Der in Sarahs Pension arbei­tende Said, ein Freund Serges, ist die dritte Haupt­figur in diesem Film; er ist ständig in Bewegung mit seinem Fahrrad. Er stammt aus einer armen Tagelöh­ner­fa­milie, und seine Unrast nährt sich von dem Wunsch wegzu­kommen, der wie der Hunger seiner Kindheit in ihm arbeitet. Er will nach Frank­reich, über Spanien, als Illegaler, egal wie.

Der Film schildert den begrenzten Zeitraum von drei Tagen, genau die drei Tage, die eine Trans­port­fahrt Serge nach Tanger führt, drei Tage, an denen Serge, Sarah und Said versuchen, wieder einmal Klarheit zu schaffen. Said hilft Serge bei der Versöh­nung mit Sarah, indem er ein zufäl­liges Treffen der beiden herbei­führt. Als Gegen­leis­tung hat er Serge das Verspre­chen abge­nö­tigt, daß er auf dessen Lastwagen als blinder Passagier mitfahren darf, nach Europa. Doch Serge sträubt sich, das gegebene Verspre­chen einzu­lösen, da er sich bereits auf einen Deal als Drogen­ku­rier einge­lassen hat.

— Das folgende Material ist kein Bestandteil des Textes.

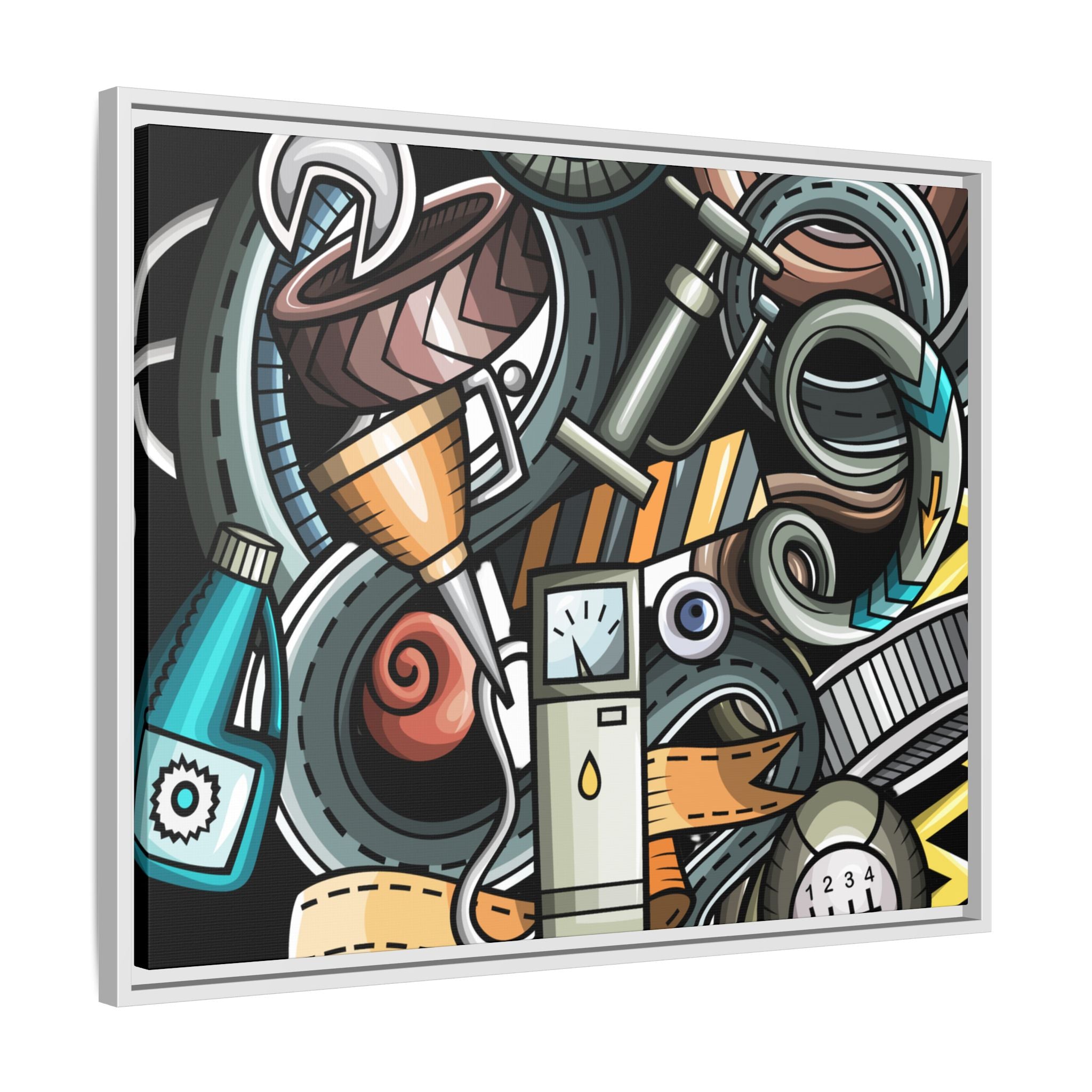 Framed Automotive Doodle Matte Canvas Print — Garage Wall Art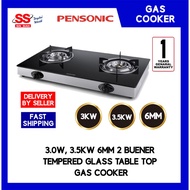 Pensonic PGC-2201G 3.0w, 3.5Kw 6mm 2 Buener Tempered Glass Table Top Gas Cooker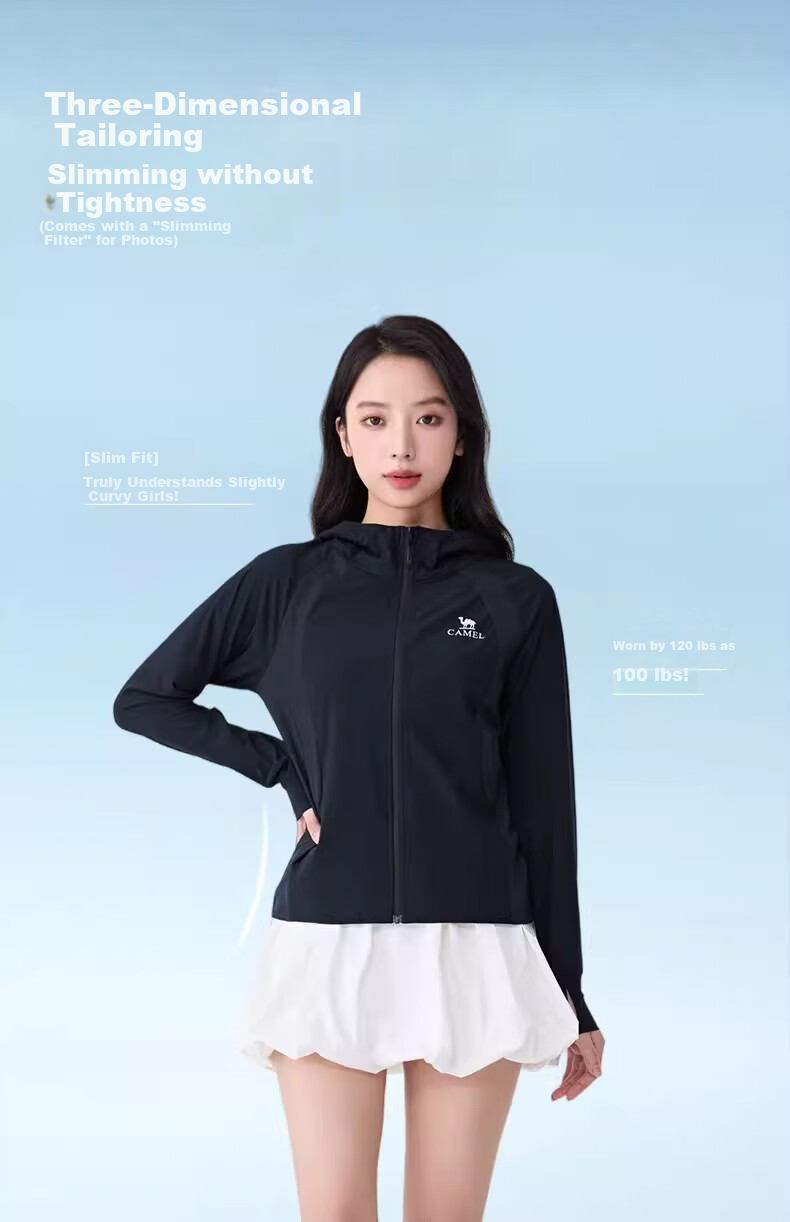 CAMEL Original Yarn Sun Protection Cooling Slim Fit Women's Knit Jacket 26 Spring Summer New Moisture-Wicking Quick-Dry Breathable 8010 9
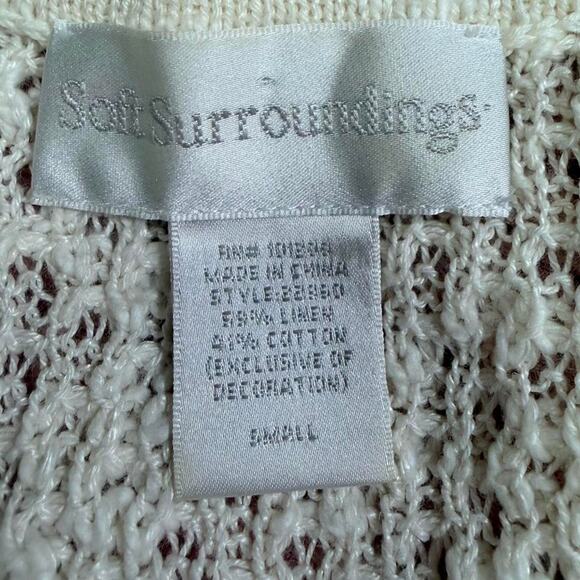 Vintage soft surroundings linen blend cream cardigan - Picture 6 of 6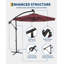 Parasol suspendu 10 pi, 8 baleines, base rotative 360 pi-853304795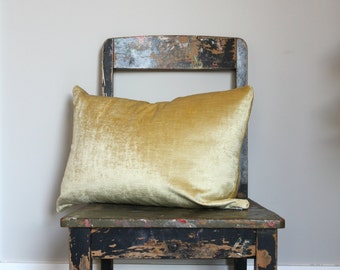 Lite Gold Velvet Pillow Cover, All Sizes vintage style gold velvet cushion cover, gold velvet throw pillow decor, distressed velvet, lumber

Téchiné gelingt es, in die Verwick­lungen der drei Haupt­fi­guren noch eine Menge weiterer Figuren zwanglos einzu­binden, Figuren zwischen den Welten, zwischen Kommen und Gehen, zwischen gestern und heute. Mit dem Schrift­steller James etwa, dessen Figur Paul Bowles nach­emp­funden ist, verdeut­licht Téchiné, daß das alte, von Exis­ten­tia­listen, Beatniks und Kiffern geprägte Bild von Tanger und vom Leben in der Fremde dort sich mitt­ler­weile überlebt hat. Andere Geschichten schieben sich nach vorne, Geschichten aus einer Stadt des Tran­sit­ver­kehrs, des Umschlags von Waren und Menschen zwischen Dritter und Erster Welt. Geschichten, in denen Desi­gner­hemden eine Rolle spielen, die aus impor­tierten Stoffen in Marokko billig herge­stellt und dann wieder nach Frank­reich expor­tiert werden, Geschichten von Menschen wie Said und denen, die sich zu den Park­plätzen begeben, wo die LKWs stehen, die auf die Fähren einge­schifft werden. Dort lauern sie auf eine Gele­gen­heit, durch die Polizei und Zoll­kon­trollen zu kommen und als blinde Passa­giere auf die LKWs gelangen.

Das alles versteht Téchiné wie nebenbei einzu­bauen, ohne damit seinen Figuren Botschaften aufzu­halsen. Er versteht darüber hinaus, die Stadt als physisch präsente Räum­lich­keit erstehen zu lassen, in einigen eindring­li­chen Fahrten, die an die Raum und Milieu erschließende Kraft erinnern, die die Kamera in seinen früheren Filmen hatte. Auf diese Art bilden die Figuren und ihre Geschichten, bilden die Neben­fi­guren und der Ort, an dem sie alle leben, eine beweglich-bewegte Einheit, ein Inein­ander und Neben­ein­ander, das sich selbst zu tragen und zu halten scheint.